RESEAU DE LA NOUVELLE et des formes courtes

Marie-Christine Quentin - Inflexions L’Harmattan 2020

par BN

Ceux qui suivent Marie-Christine Quentin au fil de ses parutions régulières n’en seront pas surpris : le recueil Inflexions, outre qu’il bénéficie en couverture d’une superbe photo « maritime » en noir et blanc, fait de nouveau la part belle, dans un premier temps, aux langueurs et rigueurs océanes. Naufrage, Un balcon sur la mer, Boulevard de l’océan, ces titres (ainsi que les citations mises en exergue) sont suffisamment évocateurs pour se passer de commentaires.
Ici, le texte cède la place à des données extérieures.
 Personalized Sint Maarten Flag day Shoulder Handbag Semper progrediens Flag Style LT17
L’auteure n’a pas fini d’en découdre avec l’élément liquide, si beau, si fascinant, si meurtrier aussi, et l’on pense au vers de Baudelaire : « Homme libre toujours tu chériras la mer ». Cela vaut également, bien sûr, pour les femmes libres.
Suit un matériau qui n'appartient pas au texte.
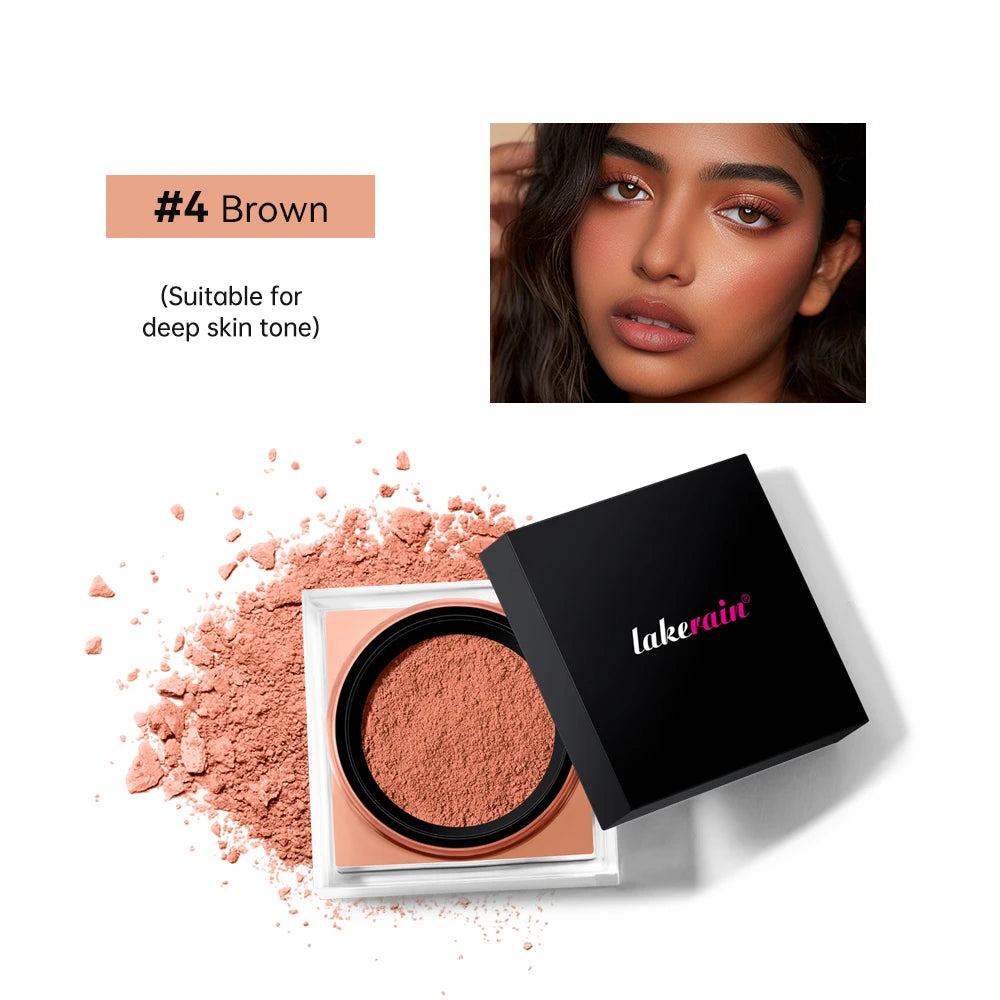 Loose Baking and Setting Powder Easy Bake Matte Finish Oil Control Blurring Effect Long Lasting Waterproof Cosmetics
À ce stade, une petite inquiétude commence pourtant à sourdre : après À fleur de sel, ouvrage entièrement consacré à l’univers marin, la narratrice va-t-elle trouver assez de souffle pour situer encore une fois une dizaine de textes dans ce même univers ? C’est là qu’avec audace elle change de cap et égrène les nouvelles suivantes au gré de ses envies, dans des contextes très différents. On y rencontre tantôt un vieux Chinois, tantôt un jeune SDF sur le pavé parisien, on verra même réapparaître Le Petit Prince, qui avait déjà fait une incursion entre les pages d’À fleur de sel et qui revient dans la nouvelle À un pas, laquelle se passe sur la Lune, où il côtoie Pierrot et Colombine. Tous trois y accueillent Neil Armstrong et le dissuadent de venir perturber leur existence. « Rentre chez toi, Neil, dit Le Petit prince. L’homme n’a rien à faire sur la Lune. […]. La Lune appartient aux poètes, aux enfants, aux amants, aux doux rêveurs… ». Et ainsi de suite. Chaque nouvelle s’insère dans un microcosme différent mais un fil rouge les relie : le rêve et la réalité s’y entremêlent inextricablement. Et la poésie baigne tout cela, tant dans les textes que dans les citations en tête de chapitre, au fil desquelles on croise Baudelaire, Rimbaud, Conrad et quelques autres, sans oublier Sénèque.
Vous voilà prévenus, lecteurs : Marie-Christine Quentin n’est pas un auteur banal. Pour l’apprécier, c’est simple : faites les premiers pas, entrez dans la danse et ensuite, laissez-vous conduire.